The fire of God brings us to the darkness within ourselves. It is an instrument of discrimination; it forces us to discern the hatred, the lust, the resentment, the jealousy, the unacknowledged selfishness within the deepest part of our own being. It leads us to see how every apparently noble endeavour or charitable concern with which we pride ourselves is tainted with unattractive elements of disdain and self-interest. It brings us to an awareness of the immense power of destruction that lies at the root of our personality. This is liable to be activated at any moment when our personal or communal security is threatened, but it is politely concealed under such convenient fictions as religion, patriotism, morality or public decency. There are few emotions more pleasurable than hating other people because we believe them to be a threat to public order. The demonic thrust of actions that tend to deny or thwart other people's enjoyment or way of self-expression is seen in the puritanism that raises its baneful head during the periods of extreme reaction that punctuate most types of religion.

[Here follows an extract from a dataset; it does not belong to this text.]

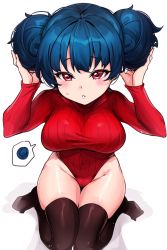 Rule 34 | 1girl, alternate breast size, arms up, blue hair, blush, braid, braided bun, breasts, covered navel, food, hair between eyes, hair bun, heattech leotard, highres, large breasts, leotard, lips, long sleeves, looking at viewer, love live!, love live! sunshine!!, open mouth, purple eyes, red sweater, seiza, sitting, solo, speech bubble, sweater, sweets, tem10, thighhighs, thighs, tsushima yoshiko, turtleneck, turtleneck sweater, wide hips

Puritanism is, in essence, a way of avoiding the dangerous elements of life by occluding them from one's consciousness. The three ultimately threatening forces that are defined in religious thought' are "the world, the flesh and the devil". Each of these is highly seductive, but none can in fact be avoided, because they are the very stuff of life. It seems strange to include the power of evil, which is personified as the devil, as part of life's substance, yet until its influence is accepted and worked through, constructively but unsentimentally, in one's own life, one will be deprived of immense psychic energy, and something both creative and dynamic will be excluded from one's personality. The shadow side of our personality is the receptacle of immense power, which, if used beneficially, could transform our lives and the world.

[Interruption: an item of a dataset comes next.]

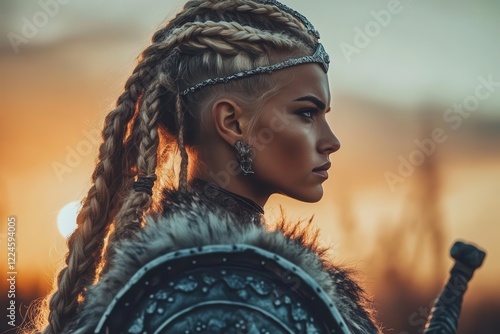 shield maiden warrior at sunset, intricate braided hair adorned with silver beads, wearing traditional fur-trimmed leather armor and holding ancient sword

Furthermore, the Christian need not be afraid, for he affirms that his Lord has won the victory over sin. He should also, if he understands the theology of creation properly, know that God is master of all things, whatever moral quality His creatures have assigned to them. What God has created is good, very good indeed. Even the fall of man from intimate communion with his Father as a result of the perverse use of the will has not altered the fundamental goodness of creation or of the seed of God implanted in the soul of all men, no matter how corrupt and terrible their outer personalities may show themselves in the testing fire of mortal life. For there is a spark of the divine in all creatures, and until that spark is allowed to flame into a fire of purification and illumination, the dark side of the personality will prevail. "The light shines on in the dark, and the darkness has never mastered it" (John 1:5). That light is the eternal Word of God that lightens every man in the depth of his being, and came freely into the world in the incarnation of Christ (John 1:9). It devours all that is unclean, but even more significantly, it later returns all that it has taken up, renewed and beautified. What was unclean is now a source of radiance.

Meditation

Teach me, O Lord, to renounce myself daily in your service. Cleanse me of all unworthy desires except that of knowing you in the service of your son, Jesus Christ, even to the extent of entering the world's darkness and giving myself as a living sacrifice for the spread of your gospel of love.